OK, well, we are back and we are continuing our whirlwind tour
of Eails. We structured our tour around the the idea that what
most Rails applications do really is they manipulate models.
Models is where the action is and that there's these four basic
operations to create, read update and delete that you can do on
them. And we're now going to deal with forms, which are going to
take us to the create and update actions. Really, we just dealt
with read before. So, you've all dealt with forms. They allow
you to fill in little stuff on a website, submit it to a server
and, for our purposes, the interesting thing that we're going to
realize is that creating a form usually takes two interactions
because the first thing you have to do is you have to do some
action that causes the form to be served to the user. Then the
user fills in some stuff and then the user submits it. So you
really need two actions. You need one that knows how to generate
the form and one that knows how to accept the form submission.
So we're going to treat those as separate cases. So we have to
figure out how do we generate the form? That's an action. When
the user fills in their values, how do we get access to the
information they've filled in? And when we're all done with
that, what do we return or what do we render? Remember we're
dealing with HEDP, which is a request reply protocol. That means
every request, something has to come back and be rendered. So
what is the right answer to do that for these different kind of
form interactions? So, continuing our cookbook things that we
know how to do with Rails. Here's how you submit a new
submitable form and we're going to walk through each step of
this process. First we have to identify the action that serves
the actual form, the blank form that the user's going to fill
in. Or we'll see it could be a form that already has some
information pre- populated. For example, if you're making a
change to an existing resource, the form might show up already
populated with the old info and then you can type in new info.
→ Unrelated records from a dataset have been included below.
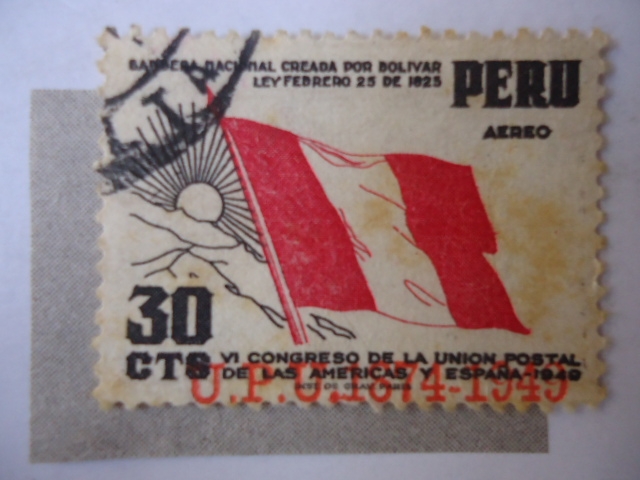 VI Congreso de la Unión Postal de las Américas y España 1949 - Bandera creada por Bolívar 1925.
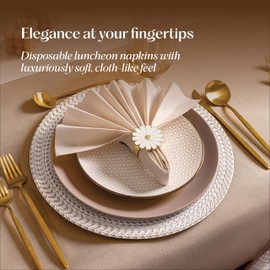 Disposable Linen-Feel Wood Napkins, 6.5" x 6.5" Paper Napkins For Wedding, Party, Dinner Or Holiday (100 Pack)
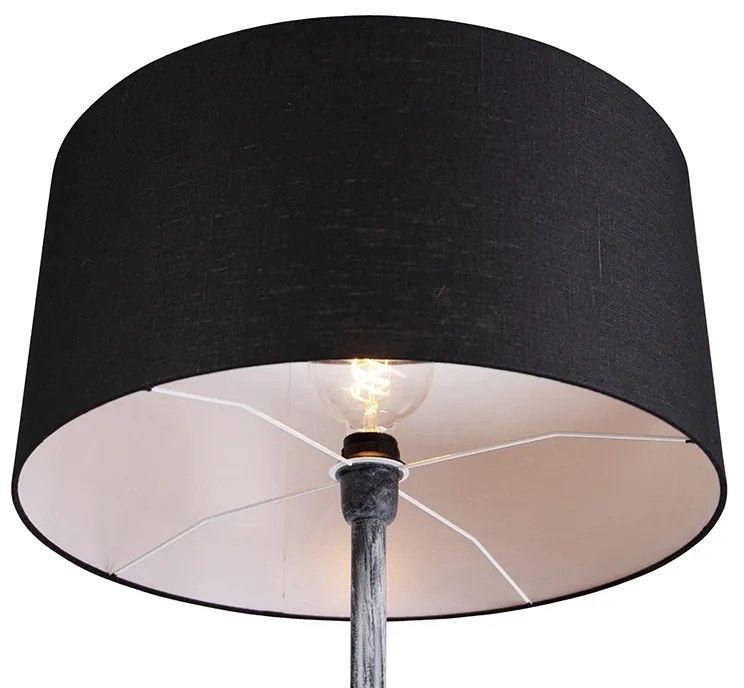 Lampa stojąca szara z czarnym kloszem 50 cm - Simplo Rustykalny / Vintage Oswietlenie wewnetrzne
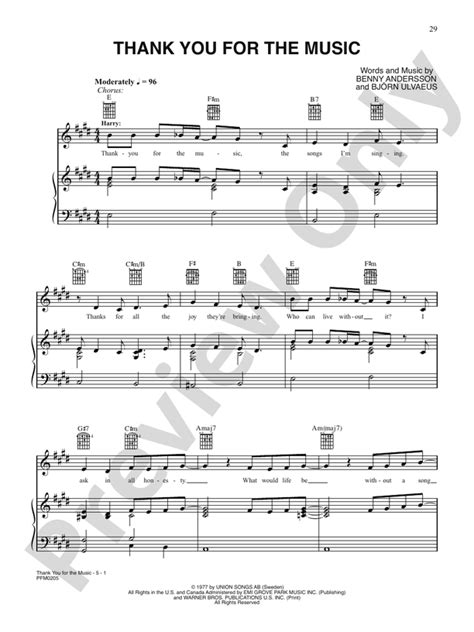 Free printable lyrics thank you for the music, Download Free printable ...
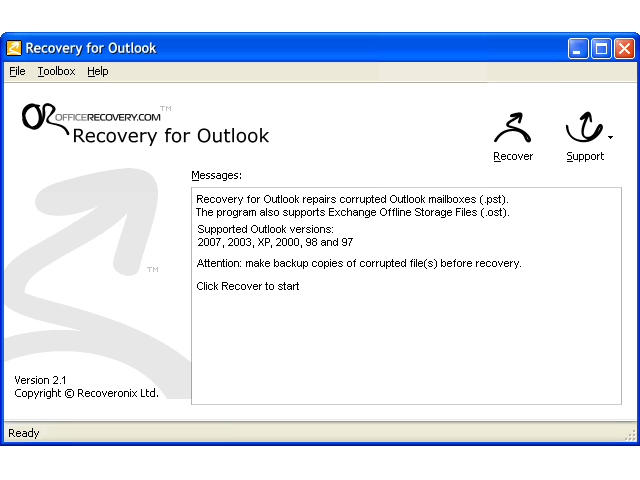 Recovery for Outlook Screenshot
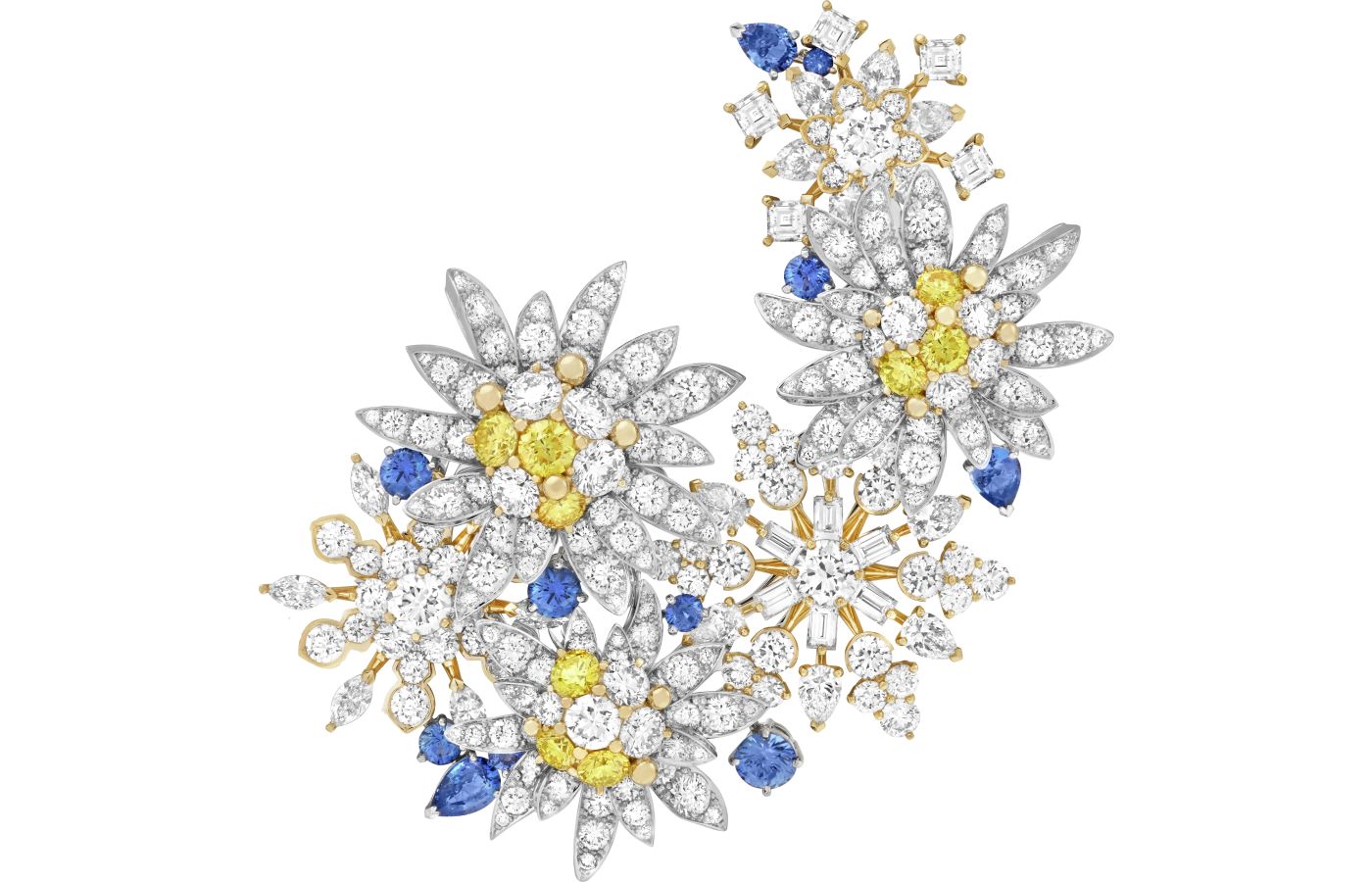 Van Cleef & Arpels Étoile des Glaciers clip in gold, white gold, sapphires, white and yellow diamonds from Le Grand Tour High Jewellery collection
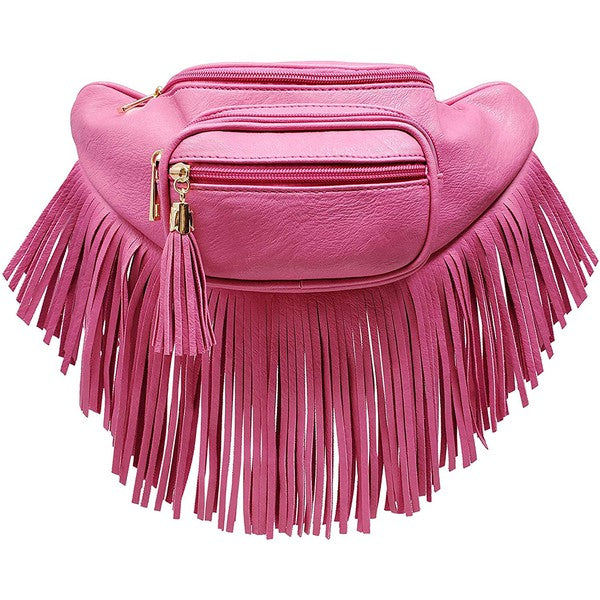 Fashion Fringe Tassel Fanny Pack Waist Bag FUCHSIA one by Fashion World | Fleurcouture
Then you have to indentify which action is going to receive the
submitted form and that's where we're going to get access to
whatever the user entered. We have to make sure we have routes,
controller actions and views for each of these two things. And
as we'll see, when we create the form, the name attributes on
all the form elements is how we're going to get our hands on the
data that the user typed. They're going to appear as keys in
this magical hash- looking thing called params that we saw
briefly before and we're going to see a couple of times during
this segment and the next couple of segments. And as we see, as
with so many things in Rails, the common case is provided for by
a number of different helpers that you can call so that you
don't have to manually deal with all the form construction. In
fact, it's fair to say that the Rails view of a form is that
it's really a thing that ultimately gets backed by a model. So
what you'll see is that a lot of the helpers for creating and
dealing with forms are really based on the idea that a form is
exactly a view of a model, but it's an updatable view because
the user can type stuff. So, let's talk first about how we're
going to creat the form. We need an action that's going to serve
the form to the users so that they can fill it in. And to do
that, we're going to look at a very simplified version of a form
in HTML. So, a couple of things to notice about a simple HTML
form. Here is a simplified version of the form for creating a
new movie. And a couple of things to notice. First of all, the
actual form tag, that encloses everything has to have at least
an action and method. This is really what's going to determine
where the form is submitted. And remember we've kept saying that
a route consists of both an HETP method and a URI and a D. You
see them both here. The HETP method is going to be post. And
here is the path portion of the URI. And then, inside the form,
we have a number of elements. Input elements and select elements
are examples of things where the user can specify values and
you'll note that all of those have a name attribute and the name
attribute is going to be the key of how we get that information
in the controller method. Now, it might look a little bit weird
if you're coming from other web environments that the names of
these attributes have brackets, like movie bracket title, movie
bracket rating. And in a moment we're going to see why that
turns out to be a useful naming convention. The names can more
or less be anything you want, but there's a good reason to make
them look like this. So we're going to generate the name form.
Only the the inputs that have name attributes are going to be
submitted. And we can often use a URI helper with the action
part of that form. Remember, we said the whole point of the
Rails routing sub- system is to avoid having to hard- wire URIs
all over the place. In fact, it gives you these helper methods
that generate the URIs associcated with various restful actions,
including the crud actions. And we actually already saw an
example of that. We're going to take a look now at the Rails
code for creating that simple form. So, here's the form as it's
going to appear as it arrives at the browser. But looking
briefly at what this looks like in Hamel. And what I did here
is, underneath each line of Hamel, I included one or more lines
of the HTML that would be generated from that Hamel, so you can
see what the mapping is. So, this line with the action and the
method that we saw in the HTML form actually came from this
Hamel tag. This is just a Ruby method called Form Tag. It takes
one argument, which is the URI of the receiving action for this
form. And we're using one the URI helpers so we don't have to
hard code a URI in here. That's why it said form tag movie path.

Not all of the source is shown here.